Stored items from a collection:
--- START ---

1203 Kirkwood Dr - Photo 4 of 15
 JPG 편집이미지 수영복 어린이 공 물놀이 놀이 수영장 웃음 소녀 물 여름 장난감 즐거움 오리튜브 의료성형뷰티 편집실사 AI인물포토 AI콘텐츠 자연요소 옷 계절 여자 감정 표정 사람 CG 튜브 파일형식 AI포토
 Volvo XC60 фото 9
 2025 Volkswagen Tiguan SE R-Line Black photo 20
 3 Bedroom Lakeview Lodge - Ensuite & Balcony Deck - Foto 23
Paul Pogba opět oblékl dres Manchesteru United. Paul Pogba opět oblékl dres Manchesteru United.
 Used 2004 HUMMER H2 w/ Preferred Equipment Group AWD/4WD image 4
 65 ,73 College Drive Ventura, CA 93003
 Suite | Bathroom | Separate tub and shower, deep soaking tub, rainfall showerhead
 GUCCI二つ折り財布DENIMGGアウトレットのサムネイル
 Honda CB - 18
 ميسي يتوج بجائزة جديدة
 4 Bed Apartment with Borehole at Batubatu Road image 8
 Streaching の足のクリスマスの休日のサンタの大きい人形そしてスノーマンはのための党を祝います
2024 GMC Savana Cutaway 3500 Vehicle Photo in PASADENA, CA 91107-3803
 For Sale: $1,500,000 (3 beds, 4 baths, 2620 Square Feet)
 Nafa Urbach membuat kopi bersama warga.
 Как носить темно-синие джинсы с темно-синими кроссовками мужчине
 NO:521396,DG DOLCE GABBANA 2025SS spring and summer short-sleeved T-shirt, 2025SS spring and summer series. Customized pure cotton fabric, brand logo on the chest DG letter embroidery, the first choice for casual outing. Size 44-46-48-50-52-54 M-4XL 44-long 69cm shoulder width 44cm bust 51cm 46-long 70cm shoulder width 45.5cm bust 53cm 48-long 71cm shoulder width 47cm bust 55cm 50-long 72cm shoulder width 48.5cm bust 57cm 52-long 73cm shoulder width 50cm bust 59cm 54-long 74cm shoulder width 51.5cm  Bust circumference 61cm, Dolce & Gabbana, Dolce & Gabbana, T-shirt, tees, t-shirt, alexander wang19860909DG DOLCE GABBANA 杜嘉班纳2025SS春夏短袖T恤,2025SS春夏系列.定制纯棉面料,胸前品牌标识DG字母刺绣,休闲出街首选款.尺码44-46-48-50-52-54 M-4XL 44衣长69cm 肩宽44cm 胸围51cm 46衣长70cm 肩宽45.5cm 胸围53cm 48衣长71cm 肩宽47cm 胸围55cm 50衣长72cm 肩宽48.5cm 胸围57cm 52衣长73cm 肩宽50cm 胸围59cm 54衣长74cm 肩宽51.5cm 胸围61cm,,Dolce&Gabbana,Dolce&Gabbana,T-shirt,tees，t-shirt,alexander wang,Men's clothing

--- END ---

# REQUIRED WORK
Set down exactly, and only, the lines of the data above from the line containing "Как носить темно-синие" through the last one.

# EXPECTED OUTPUT
 Как носить темно-синие джинсы с темно-синими кроссовками мужчине
 NO:521396,DG DOLCE GABBANA 2025SS spring and summer short-sleeved T-shirt, 2025SS spring and summer series. Customized pure cotton fabric, brand logo on the chest DG letter embroidery, the first choice for casual outing. Size 44-46-48-50-52-54 M-4XL 44-long 69cm shoulder width 44cm bust 51cm 46-long 70cm shoulder width 45.5cm bust 53cm 48-long 71cm shoulder width 47cm bust 55cm 50-long 72cm shoulder width 48.5cm bust 57cm 52-long 73cm shoulder width 50cm bust 59cm 54-long 74cm shoulder width 51.5cm  Bust circumference 61cm, Dolce & Gabbana, Dolce & Gabbana, T-shirt, tees, t-shirt, alexander wang19860909DG DOLCE GABBANA 杜嘉班纳2025SS春夏短袖T恤,2025SS春夏系列.定制纯棉面料,胸前品牌标识DG字母刺绣,休闲出街首选款.尺码44-46-48-50-52-54 M-4XL 44衣长69cm 肩宽44cm 胸围51cm 46衣长70cm 肩宽45.5cm 胸围53cm 48衣长71cm 肩宽47cm 胸围55cm 50衣长72cm 肩宽48.5cm 胸围57cm 52衣长73cm 肩宽50cm 胸围59cm 54衣长74cm 肩宽51.5cm 胸围61cm,,Dolce&Gabbana,Dolce&Gabbana,T-shirt,tees，t-shirt,alexander wang,Men's clothing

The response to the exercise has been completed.